May 11, 2019
TORONTO — The Sixers have begun to form a collective identity on the basketball court, and the messages they share with the media tend to be unified. They are not always unified, however, in the way they deliver what they have to say.
Take Mike Scott, for example, who has endeared himself to Philadelphia with timely shotmaking and toughness that fits perfectly in a blue-collar town. As Brett Brown waxed poetic about the Game 7s he has been through and young guys discussed their feelings heading into Sunday, Scott had a few simple words of wisdom to share after going through this experience before.
"Some of the young guys asked me about it. I just told them we just gotta man up, grow some balls, you know — it's gonna be hostile," Scott said at practice on Saturday.
That's playoff basketball in a nutshell, no pun intended.
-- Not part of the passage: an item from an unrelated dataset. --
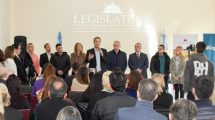 Imagen de Malestar con un juez del TSJ de Neuquén que participó de un acto junto a un funcionario denunciado por violencia laboral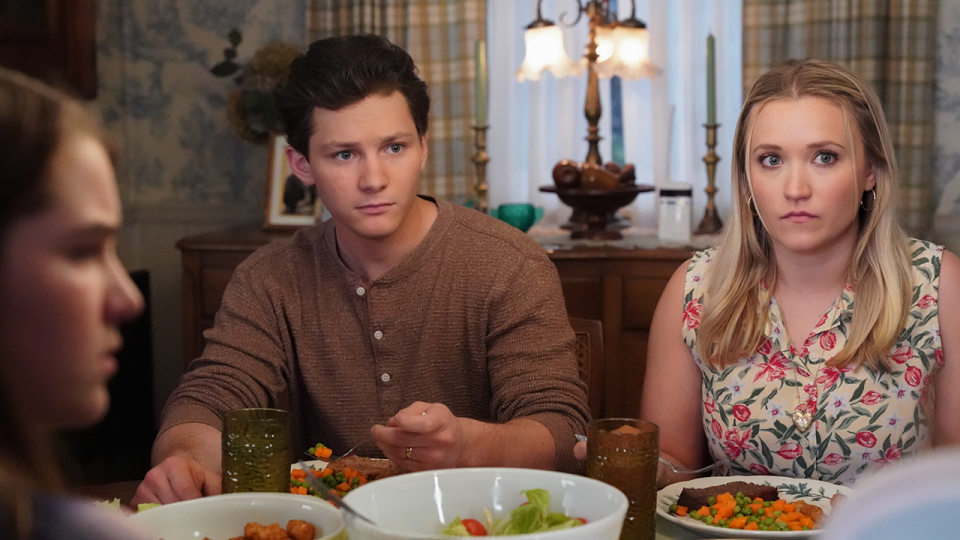 Young Sheldon. Pictured (L-R): Montana Jordan as Georgie and Emily Osment as Mandy.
The game slows down, and it's on you to impose your will on the other team for 48 minutes. The whistles don't come as frequently, the shots are more closely contested, and the stakes are higher than they've ever been.
Philadelphia is trying to look past all of that. For many of the Sixers' best players, this will be their first Game 7 ever. Even Jimmy Butler, their standout performer of the playoffs, has just one Game 7 under his belt, and he dismissed that as an experience to draw from when talking with reporters on Saturday. Fair enough — he was a much different player on a much different team back in 2013, and all anyone is worried about is the here and now.
There are two seasoned veterans in these moments: JJ Redick and Brett Brown. Redick has been through five of these as a player, and Brown's time as an assistant coach in San Antonio has allowed him to go through this process repeatedly with different stakes for each one. The Spurs were taken to seven in every round of the playoffs at one point or another during Brown's tenure, and he sees a connection between each of those experiences.
"I've said it before and I mean this, it's a life experience. It's for sure a sporting experience, but playing in Game 7s [is] different," Brown told reporters Saturday. "Everything is just zoomed in, it's just raw. It always gets back to, in my opinion, defense. There will be no like, oh that's a great shot. Everything's contested, lots of times you hope to just get a shot...and it incrementally increases as the clock winds down."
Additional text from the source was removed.